Barraco de madeira abandonado no fundo de um posto de gasolina, próximo a BR 101 no RS (Foto Joel Silva/Folhapress)

A noite foi de raios, trovões e granizo, e pela manhã pouca coisa mudou. O granizo já não caía mais, mas os raios corriam pela minha frente. Peguei a BR 101 debaixo da chuva.

Encontrei um posto de gasolina e entrei. Fiz amizade com os frentistas, que me desiludiam, dizendo que pegar carona nesta rodovia com chuva é fracasso certo. De qualquer forma, não tinha outra opção senão ficar ali.

Pedi para os funcionários do posto me informarem se algum cliente fosse para Tavares, cidade a cerca de 100 km dali. Logo um frentista correu em minha direção, como se viesse anunciar que eu ganhara um prêmio na loteria.

“Rapaz, o dono daquela troller tá indo para Santa Catarina e pode te levar”. Eu me aproximei e pedi para me levar até Tavares.

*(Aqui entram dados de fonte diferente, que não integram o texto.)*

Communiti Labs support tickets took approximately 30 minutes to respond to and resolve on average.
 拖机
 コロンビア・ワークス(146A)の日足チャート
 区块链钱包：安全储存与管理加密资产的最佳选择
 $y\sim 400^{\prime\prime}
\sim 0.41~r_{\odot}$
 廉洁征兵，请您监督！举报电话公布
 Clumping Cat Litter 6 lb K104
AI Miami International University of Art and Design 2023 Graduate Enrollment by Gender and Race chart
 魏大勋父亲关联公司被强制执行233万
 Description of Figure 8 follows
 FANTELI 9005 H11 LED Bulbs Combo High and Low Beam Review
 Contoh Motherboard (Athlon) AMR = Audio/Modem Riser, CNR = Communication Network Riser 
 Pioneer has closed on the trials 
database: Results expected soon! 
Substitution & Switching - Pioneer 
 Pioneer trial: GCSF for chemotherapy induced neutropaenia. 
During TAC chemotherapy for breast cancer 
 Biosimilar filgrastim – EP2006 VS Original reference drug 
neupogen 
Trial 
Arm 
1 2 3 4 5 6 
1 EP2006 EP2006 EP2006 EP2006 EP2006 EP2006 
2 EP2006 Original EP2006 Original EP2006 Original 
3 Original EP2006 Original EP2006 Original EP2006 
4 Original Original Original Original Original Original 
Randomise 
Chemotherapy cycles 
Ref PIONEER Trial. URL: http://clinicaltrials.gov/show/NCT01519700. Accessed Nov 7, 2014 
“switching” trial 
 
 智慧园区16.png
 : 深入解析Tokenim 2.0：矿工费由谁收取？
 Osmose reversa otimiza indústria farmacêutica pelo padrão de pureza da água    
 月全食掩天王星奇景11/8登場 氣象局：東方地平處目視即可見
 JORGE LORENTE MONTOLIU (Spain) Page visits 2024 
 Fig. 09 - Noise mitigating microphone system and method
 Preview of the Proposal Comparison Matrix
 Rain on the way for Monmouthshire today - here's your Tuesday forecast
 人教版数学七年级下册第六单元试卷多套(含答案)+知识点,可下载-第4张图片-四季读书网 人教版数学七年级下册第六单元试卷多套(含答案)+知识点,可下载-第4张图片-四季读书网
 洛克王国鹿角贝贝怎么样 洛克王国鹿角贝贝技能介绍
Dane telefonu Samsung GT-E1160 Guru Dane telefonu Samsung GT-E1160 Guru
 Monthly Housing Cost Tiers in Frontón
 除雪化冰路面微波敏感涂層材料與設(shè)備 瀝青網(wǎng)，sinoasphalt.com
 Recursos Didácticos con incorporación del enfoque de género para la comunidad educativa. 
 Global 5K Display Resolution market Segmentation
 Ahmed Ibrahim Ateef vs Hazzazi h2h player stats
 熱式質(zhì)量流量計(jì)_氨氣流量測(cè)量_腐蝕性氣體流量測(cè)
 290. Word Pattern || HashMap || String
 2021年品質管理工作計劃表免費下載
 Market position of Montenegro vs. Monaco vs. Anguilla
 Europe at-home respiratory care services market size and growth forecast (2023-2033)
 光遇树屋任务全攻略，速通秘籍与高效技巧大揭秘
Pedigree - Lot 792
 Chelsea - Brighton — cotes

Albert Henchemaier, um jovem técnico em mecânica que trabalha para o irmão em uma empresa de dragagem no canal de Rio Grande (RS) mas mora com a família em Imbituba (SC), destino da sua viagem.

A estrada, sempre reta e cercada de banhados com a chuva que insistia em cair a viagem toda. No caminho um grupo de tradicionalistas seguiam para um encontro da semana Farroupilha, pedi então ao Albert, que em vez de me deixar em Tavares, me deixasse em Torres, dali seguiria pela SC 450 para Praia Grande. Ele disse que eu poderia escolher onde gostaria de ficar.

Grupo de tradicionalistas gaúchos, caminham debaixo de chuva para encontro da semana Farroupilha. na BR 101. , Foto Joel Silva / Folhapress.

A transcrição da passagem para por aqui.